(AP Photo/Pablo Martinez Monsivais)UPDATE:The Office of the State Superintendent of Education now tells us that, contrary to the USA Today report, “there is no meeting scheduled” for April 6 on the topic of test tampering.
The D.C. State Board of Education will reportedly hold a hearing on April 6 to address allegations that officials at Crosby S. Noyes Education Campus may have tampered with standardized test scores to boost performance ratings.
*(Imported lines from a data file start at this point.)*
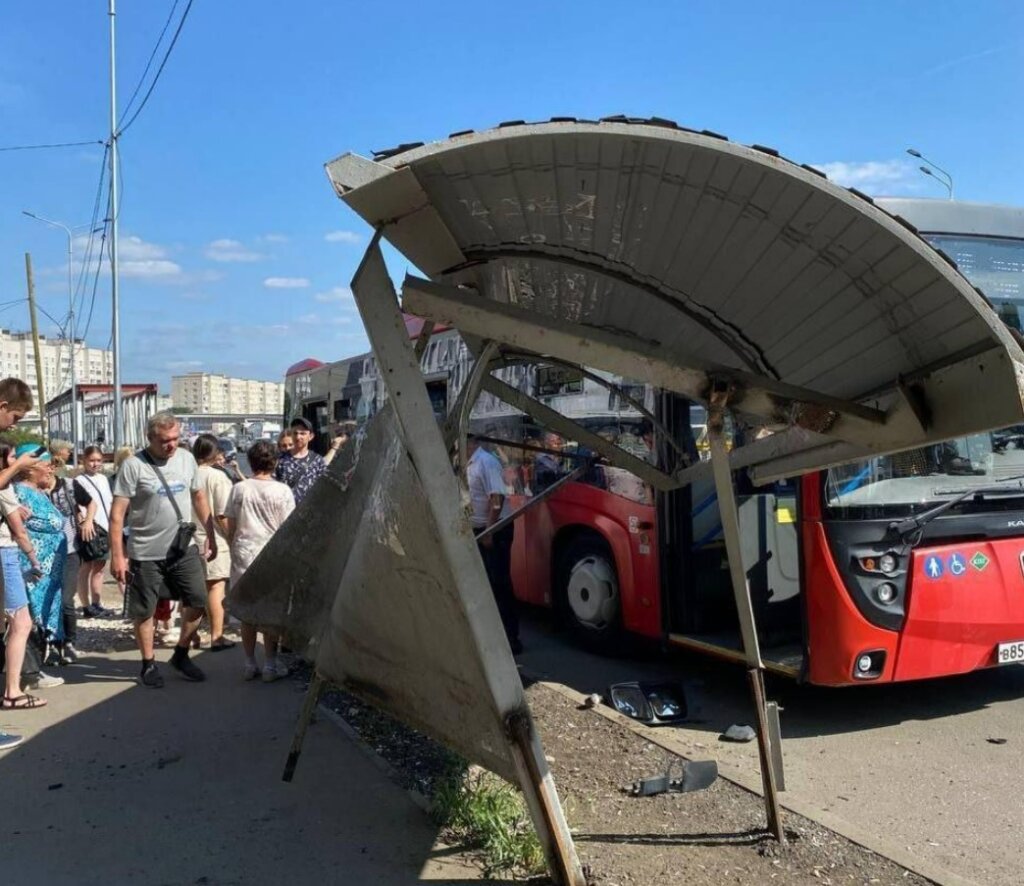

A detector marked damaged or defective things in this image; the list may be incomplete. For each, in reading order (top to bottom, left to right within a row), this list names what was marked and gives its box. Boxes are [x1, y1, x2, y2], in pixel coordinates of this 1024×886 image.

damaged bus stop [230, 119, 1024, 886]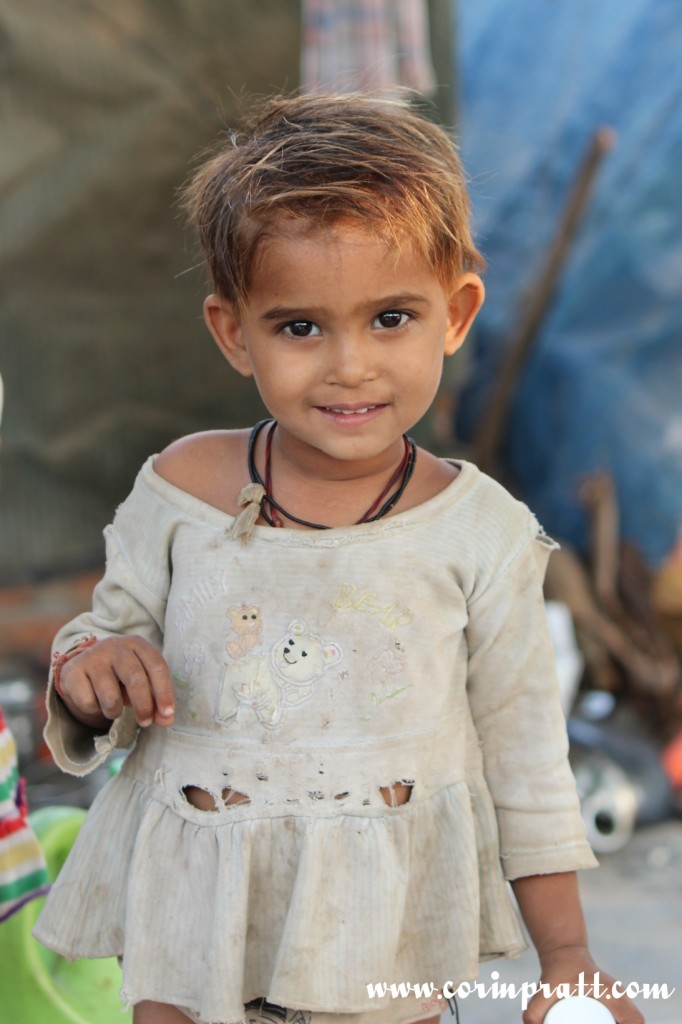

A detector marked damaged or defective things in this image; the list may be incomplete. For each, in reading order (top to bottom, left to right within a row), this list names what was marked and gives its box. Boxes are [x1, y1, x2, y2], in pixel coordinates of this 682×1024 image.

torn dirty dress [33, 458, 596, 1024]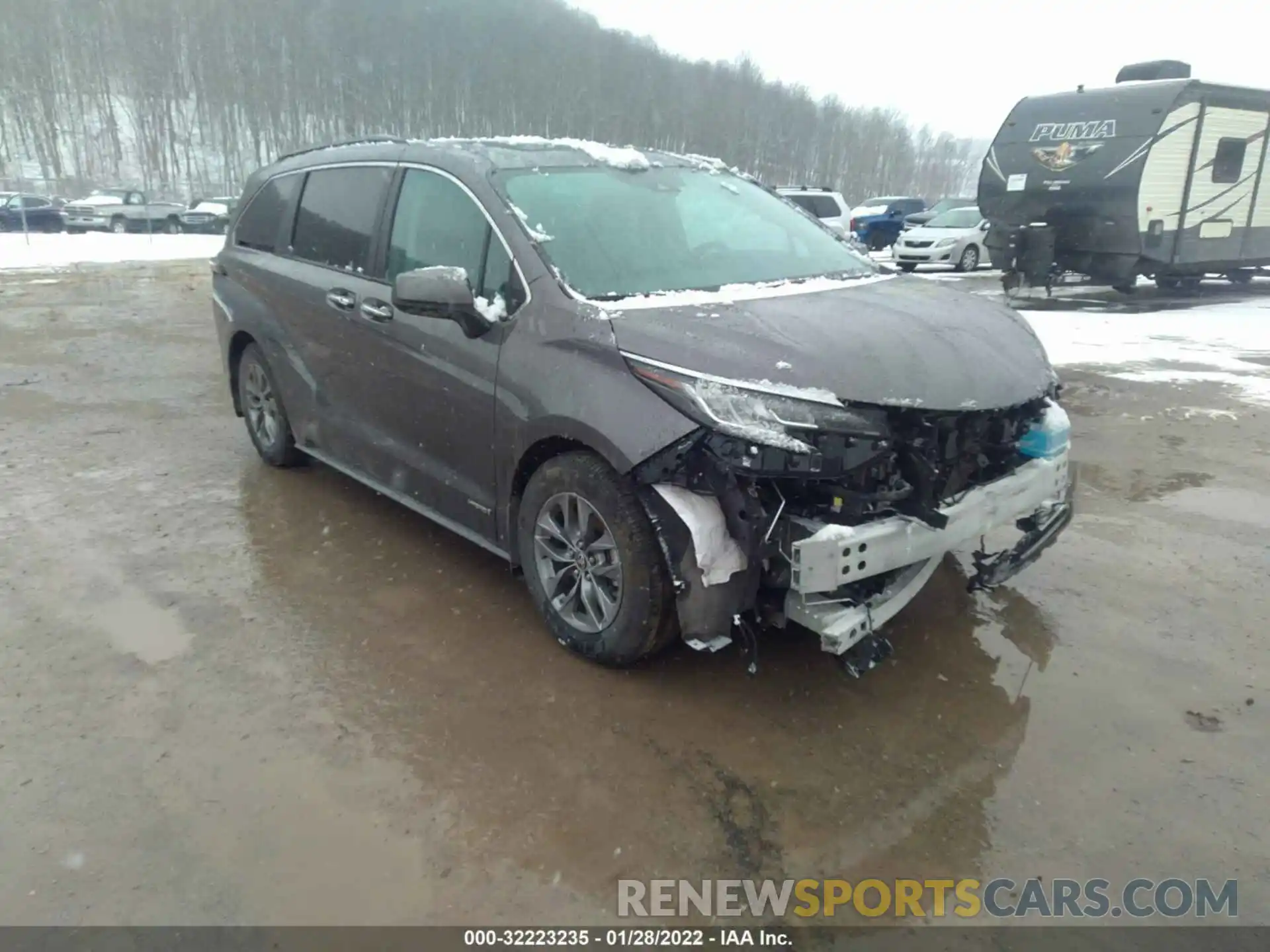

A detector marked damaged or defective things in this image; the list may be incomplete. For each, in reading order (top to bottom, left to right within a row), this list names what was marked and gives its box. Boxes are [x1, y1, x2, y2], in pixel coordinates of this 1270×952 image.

damaged gray minivan [216, 138, 1072, 675]
broken headlight [622, 355, 884, 454]
crushed front end [624, 360, 1072, 665]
USA Today, who published the investigative report regarding “extraordinarily high numbers of erasures on standardized tests,” including a pattern where “wrong answers were erased and changed to right ones,” reports today that the Board will request a report of a DCPS investigation into such claims in 2009.
Former D.C. schools chancellor Michelle Rhee also responded to the accusations, lashing out against opponents of education reform:
“It isn’t surprising,” Rhee said in a statement Monday, “that the enemies of school reform once again are trying to argue that the Earth is flat and that there is no way test scores could have improved … unless someone cheated.”
Rhee also said that the USA Today report “absolutely lacked credibility,” and was “an insult to the dedicated teachers and schoolchildren who worked hard to improve their academic achievement levels.” The hearing hasn’t yet hit the board’s calendar, but given the players and the accusations involved, it should be a rather feisty one.